Well, overloaded but not as much as the word 'Normal' , which I think has some 20 different meanings in Mathematics.

 

[aNewDawn]

In "No Bullshit Guide to Linear Algebra", Ivan Savov writes, «The theorem [Fundamental Theorem of Algebra] is "fundamental" because it tells you we won't ever need to invent any "fancier" set of numbers to solve polynomial equations.»

So I suggest that a better translation of "eigen" (German) into English be "fundamental".

• eigenfunction ----> fundamental function
• eigenvalue ----> fundamental value

There is no "fancier" (simpler?) function, together with some associated value(s), that can be written. THAT'S IT! The fundamental function and it's associated fundamental value are, well, FUNDAMENTAL. Digging deeper for for something something "more fundamental" is a fool's quest.

 

[HallsofIvy]

But the German word "eigen" is best translated as "proper" or "characteristic", not "fundamental".

 

[marcusl]

Proper and characteristic were in common use in the English math/physics literature until quantum mechanics was developed in the 1920's and German terms took over. We still use the term "characteristic equation" or "secular equation" for the equation whose roots give the characteristic (eigen) values.

 

[fresh_42]

We have had a similar discussion a while back:

"At the start of the 20th century, Hilbert studied the eigenvalues of integral operators by viewing the operators as infinite matrices. He was the first to use the German word eigen, which means "own", to denote eigenvalues and eigenvectors in 1904, though he may have been following a related usage by Helmholtz. For some time, the standard term in English was "proper value", but the more distinctive term "eigenvalue" is standard today.

J. Dieudonné mentioned in his "Abrégé d'histoire des mathématiques 1700-1900" that first examinations of determinants and eigenvalues, although not named as such, date back to Lagrange's work on partial differential equations (1762) and J.C.F. Sturm - J. Liouvilles work on operators in the first half of the 19th century..

https://www.physicsforums.com/threads/where-does-the-nomenclature-eigen-originate.843038/

 

[marcusl]

Thanks, it’s nice to see that history.

 

[Stephen Tashi]

Summary: I am a bit doubtful, is the eigen problem only applicable for linear scenarios?

I'm curious whether you think "linear scenarios" is a very limited set of situations. It includes linear transformations and there are many linear transformation besides those represented by $n$ by $m$ matrices. For example, let $g(x)$ be a given function. Define the transformation $T_g$ that maps a function to another function by: $T_g( f(x)) = f(g(x))$

The eigen problem for $T_g$ is to find functions $h(x)$ such that $T_g(h(x)) = \lambda h(x)$ for some number $\lambda$.

As another example, define the transformation $D$ that maps functions to functions by $D(f(x)) = f'(x)$ You probably know some solutions to the eigen problem for $D$.

 

[atyy]

Well, doesn't "Eigen" mean singular in English? What singularity are we then addressing?

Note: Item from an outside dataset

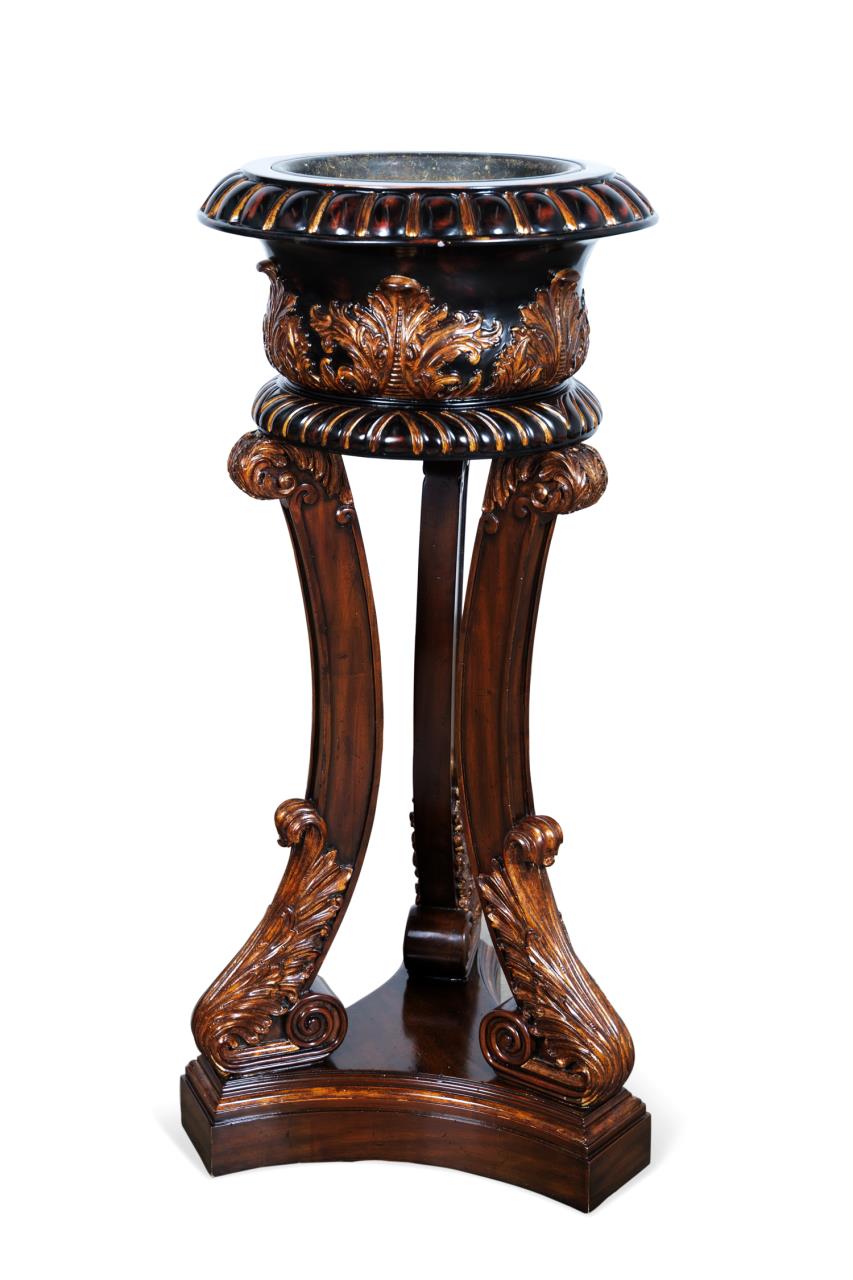 Appraisal: MAITLAND SMITH NEOCLASSICAL STYLE JARDINIERE Maitland Smith Neoclassical style pedestal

"Eigen" means "own" in the sense the eignvalues of an operator are owned by the operator, or a characteristic of the operator. So eigenvalues have also been called characteristic values.

 

[S.G. Janssens]

What singularity are we then addressing?

In the linear setting, if $A$ is a matrix in $\mathbb{C}^{n \times n}$, then the resolvent map $z \mapsto (z I - A)^{-1}$ is meromorphic, takes values in $C^{n \times n}$ and its isolated singularities are of course precisely the eigenvalues of $A$. The matrix-valued Cauchy integral
$$
\frac{1}{2\pi i}\oint_{\Gamma_{\lambda}} (z I - A)^{-1}\,dz
$$
is just the spectral projector associated with the eigenvalue $\lambda$ encircled by the contour $\Gamma_{\lambda}$. (This can be generalized to apply to a closed linear operator $A$ on a complex Banach space. Then the above integral is named after Dunford.)

So, for me perhaps the "essence of the eigenproblem" is the investigation of singularities of classes of meromorphic matrix-valued (or: linear operator valued) functions. Depending on the functional form, these problems may then be called linear or nonlinear.